UNESCO reports 250M children out of school

Anjali Sharma

GG News Bureau

UNITED NATIONS, 19th Sept. UNESCO on Monday released new figures of children missing out on any schooling has increased by six million, to the total to 250 million, in a press release issued in New York

The agency said that the increase is due to the mass exclusion of women and girls from education in Afghanistan but can be attributed to broader stagnation in education provision worldwide.

The findings undermine the Sustainable Development Goal 4, which sets the goal of quality education for all by 2030, UNESCO said.

According to the report, if countries were on track with their national SDG 4 targets, six million more children would be in pre-school, 58 million more children and adolescents would be in school, and at least 1.7 million more primary school teachers would have been trained.

UNESCO Director-General Audrey Azoulay said “Education is in a state of emergency,”

“While considerable efforts were made over the past decades to ensure quality education for all, UNESCO data demonstrates that the number of children out of school is now rising, she said.

Ms. Azoulay said “States must urgently remobilize if they do not want to sell out the future of millions of children.”

The report stated that 1 year ago, 141 countries committed at the UN Transforming Education Summit to accelerate progress towards SDG 4.

It noted that 4 out of 5 countries aimed to advance teacher training and professional development, 7 out of 10 committed to increase or improve their investment in education, and 1in 4 committed to increase financial support and school meal provision.

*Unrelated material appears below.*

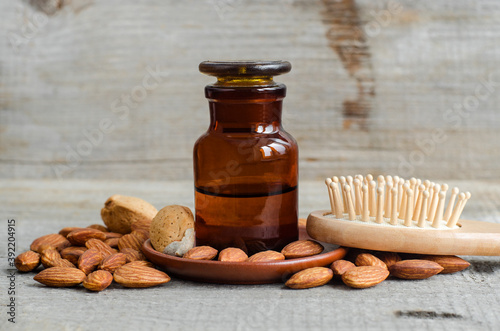 Pharmacy bottle with almond oil and wooden hair brush. Natural hair care concept. Old wooden background. Almonds close up. Copy space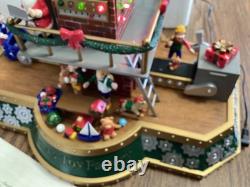 Mr. Christmas. Santa's toy factory. Works great. SEE VIDEO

The report said that for countries to achieve their SDG 4 targets, millions more children must be enrolled in early childhood education every year until 2030, and the progress in primary completion rates needs to almost triple.

Ms. Azoulay said “These commitments must now be reflected in acts. There is no more time to lose. To achieve SDG 4, a new child needs to be enrolled in school every 2 seconds between now and 2030.”

The report highlighted that since 2015, the number of children completing primary education has increased by less than three percentage points to 87 per cent.

The number completing secondary education has increased by less than 5% to 58%.

UNESCO said that in the 31 low and lower-middle-income countries that measure learning progress at the end of primary school.

Viet Nam is the only country where the majority of its children are achieving minimum

The Education 2030 Framework for Action calls on countries to set intermediate benchmarks for SDG 4 indicators.

The countries were assisted in setting benchmarks to achieve by 2025 and 2030 for seven SDG 4 benchmarks on pre-primary education, school attendance, completion and learning, gender equity, learning proficiency, trained teachers, and public expenditure, the UNESCO report concluded.